Confirm that the requests per second achieved is around 10 QPS and the p90 latency is less than 100ms.

To see more detailed statistics, you can analyze the `stats.json` file identified in the output.

## 6. Check costs

You can check the costs for the import, queries, and storage in the Pinecone console at [Settings > Usage](https://app.pinecone.io/organizations/-/settings/usage). Cost data is delayed up to three days, but once it's available, compare the actual costs to the estimated costs below.

<Note>For the latest pricing details, see [Pricing](https://www.pinecone.io/pricing).</Note>

| Cost type | Amount          | Pricing                | Estimated cost |
| :-------- | :-------------- | :--------------------- | :------------- |
| Import    | 48.8 GB         | \$0.25/GB              | \$12.20        |
| Queries   | 100,000 queries | \$16 per 1M read units | \$78.08        |
| Storage   | 4 hours         | \$0.33/GB/month        | \$0.09         |
| **Total** |                 |                        | **\$90.37**    |

<Note>Standard and Enterprise organizations receive a **one-time 1 TB bulk import credit**, valid through July 31, 2026, so on those plans the import portion of this example would be \$0 and the total would be \$78.17. The figures above assume the standard overage rate.</Note>

<Steps>
  <Step title="Import costs">
    The current price for import is \$0.25/GB. The dataset size for this test is 48.8 GB, so the import cost should be \$12.20.
  </Step>

  <Step title="Query costs">
    A query uses 1 [read unit (RU)](/guides/manage-cost/understanding-cost#read-units) for every 1 GB of namespace size. The current price for queries in the `us-east-1` region of AWS is \$16 per 1 million read units (pricing varies by region).

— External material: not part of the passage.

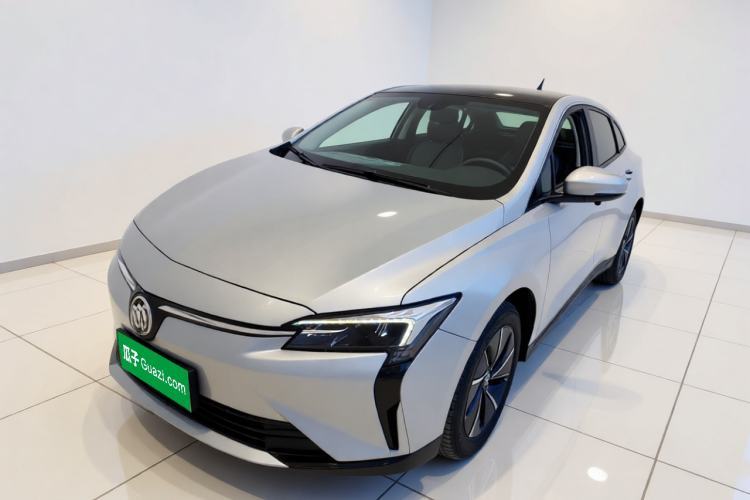 Used Buick Velite 6 2024 430km Enjoyment Version Guazi used car, China used car export, Used car for sale, Used cars, Cheapest cars for sale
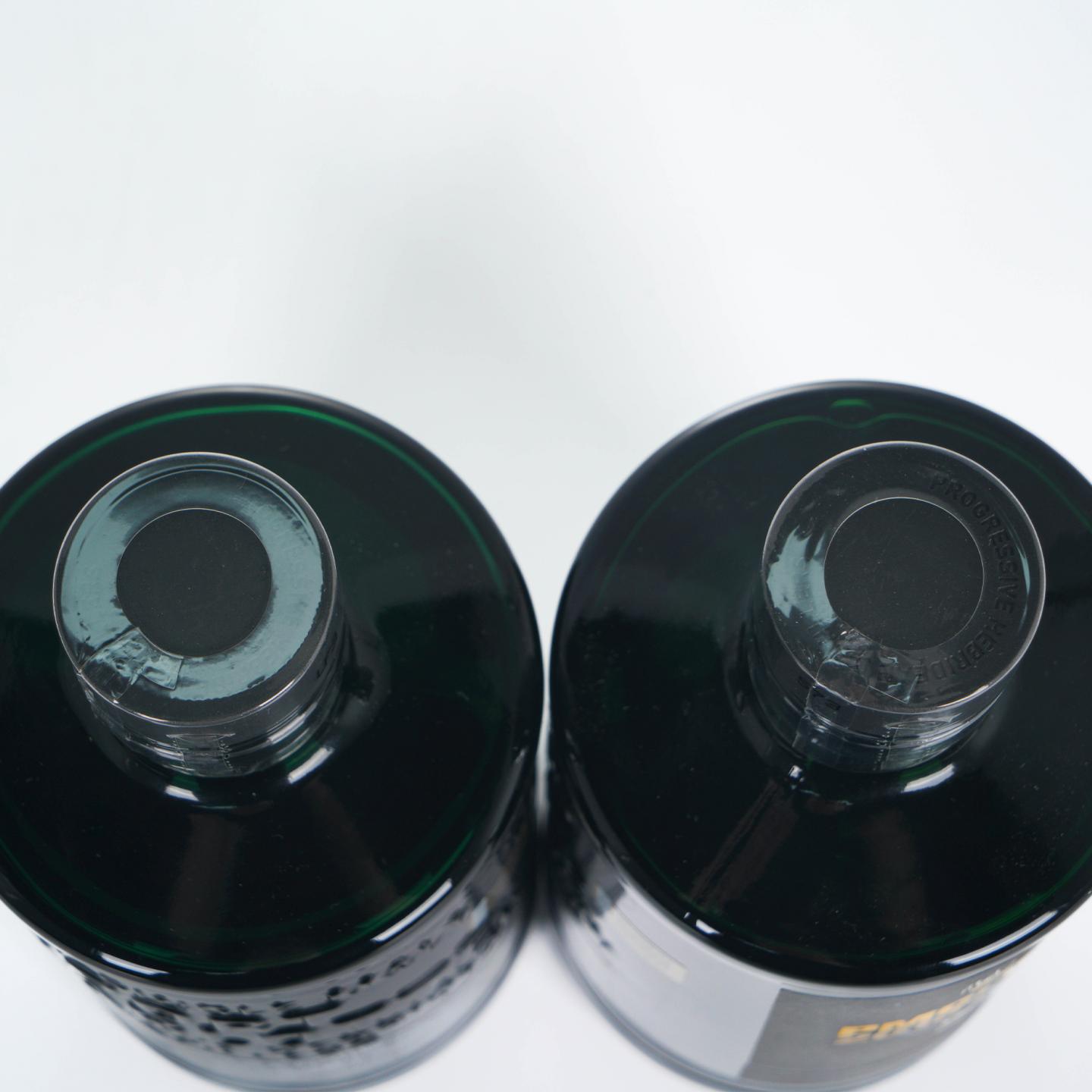 Bruichladdich 布赫拉迪 波夏 橡木桶探索系列13版/01版 2瓶组 行货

    This test ran 100,000 queries against a namespace size of 48.8 GB. Each query uses 48.8 RUs (1 RU per GB), so the total is 4,880,000 RUs. At \$16 per 1 million RUs, the cost is (4,880,000 / 1,000,000) × \$16 = \$78.08.
  </Step>

  <Step title="Storage costs">
    The current price for storage is \$0.33 per GB per month. The dataset size for this test is 48.8 GB. Assuming a total storage time of 4 hours (including import, benchmark runtime, and cleanup), the storage cost is: \$0.33/GB/month \* 48.8 GB / 730 hours \* 4 hours = \$0.09.
  </Step>

  <Step title="Total costs">
    The total cost for the test is the sum of the import cost, query cost, and storage cost: \$12.20 + \$78.08 + \$0.09 = \$90.37.
  </Step>
</Steps>

## 7. Clean up

When you no longer need your test index, [delete it](/guides/manage-data/manage-indexes#delete-an-index) to avoid incurring unnecessary costs.